Experience-dependent expression of miR-132 regulates ocular dominance plasticity

Abstract

miR-132 is a CREB-induced microRNA that is involved in dendritic spine plasticity. We found that visual experience regulated histone post-translational modifications at a CRE locus that is important for miR-212 and miR-132 cluster transcription, and regulated miR-132 expression in the visual cortex of juvenile mice. Monocular deprivation reduced miR-132 expression in the cortex contralateral to the deprived eye.

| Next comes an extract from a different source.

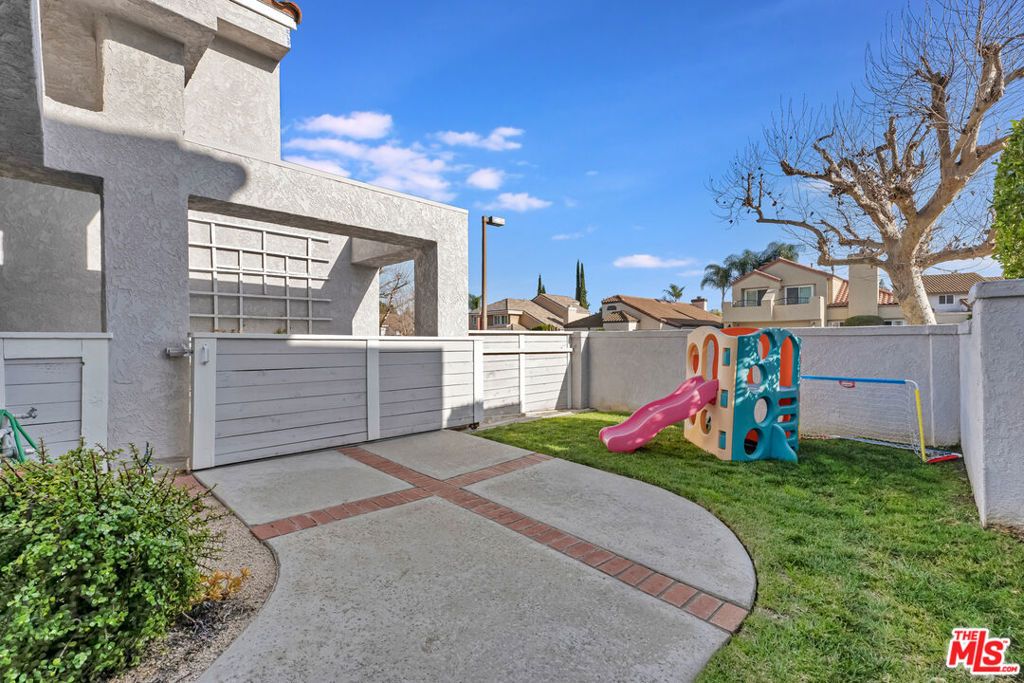 Image 34 of property listing at 15 Oak Cliff Drive, Phillips Ranch, CA 91766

Counteracting this miR-132 reduction with an infusion of chemically modified miR-132 mimic oligonucleotides completely blocked ocular dominance plasticity.

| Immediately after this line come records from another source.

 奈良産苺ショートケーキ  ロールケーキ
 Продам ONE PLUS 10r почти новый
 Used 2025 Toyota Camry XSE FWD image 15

Fig. 1. Visual stimulation induces histone mark modifications on specific CRE loci close to miR132 coding sequence and activates mature and primary miR132 expression

a) Ac(Lys9-14)H3 ChIP showed visually-induced H3 acetylation at the CRE loci upstream of miR132, miR212 and fos. * p<0.05. b) p(Ser10)Ac(Lys14)H3 ChIP showed visually-induced H3 phosphoacetylation at the CRE sequences upstream of miR132 and fos, but not miR212. c) Me2(Lys4)H3 ChIP showed visually-induced H3 dimethylation at the CRE sequence upstream of miR132 and fos, but not miR212. d) Developmental expression of pri-miR132 and miR132 in the visual cortex of STR and DRB mice. Pri-miR132 (left) and miR132 (right) expression significantly increased with age in STR but not in DRB mice. * represents significant differences between STR and DRB. e) DR3d decreased pri-miR132 (left) and miR132 (right) in visual cortex respect to age matched mice (P27 STR). f) Visual stimulation after DR3d increased pri-miR132 (left) and miR132 (right) levels. Data are reported as mean ± SEM.

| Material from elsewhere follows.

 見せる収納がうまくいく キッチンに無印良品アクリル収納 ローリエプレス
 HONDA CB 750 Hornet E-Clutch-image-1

Fig. 2. MiR132 downregulation after monocular deprivation regulates ODP in juvenile mice

a) Decreased p(Ser10)Ac(Lys14)H3 at CREmiR132 in the binocular visual cortex contralateral (left ctx contra) to the deprived eye with respect to the ipsilateral cortex (right ctx ipsi) in MD3d mice (n=13, p(Ser10)Ac(Lys14)H3, right ctx ipsi vs left ctx contra paired t test p=0.015; Ac(Lys9–14)H3, right ctx ipsi vs left ctx contra signed rank test p=0.3; Me2(Lys4)H3 n=16, paired t test p=0.07). b) MD3d decreased pri-miR132 (left) and miR132 (right) expression in the binocular visual cortex contralateral to the deprived eye. c) ISH for mature miR132 in MD3d mice showed a reduction in the cortex contralateral to the deprived eye (bar = 100 micron). MiR132 positive cell density in nondeprived mice (shaded area, average ± SEM, n=4) was not different from MD3d mice (t-test, p>0.05). d) Cumulative distribution of ODS in nondeprived (N=6, n=103 cells), MD3d (N=5, n=83), MD3d treated with miR132 mimic (N=5, n=79 cells), and MD3d treated with control miRNA (control miR) mice (N=5, n=95 cells). e) CBI of nondeprived (n=6), MD3d (n=5), MD3d miR132 mimic (n=5), and MD3d control miR (n=5) mice. Open circles = single animal data, black circles = average CBI ± SEM. Mice N as in d. f) C/I VEP ratio of nondeprived (n=5), MD3d (n=4), MD3d miR132 mimic (n=5), and MD3d control miR (n=5) mice. Open circles = single animal data, black circles = average ratio ± SEM. Error bars=SEM in a,b,c.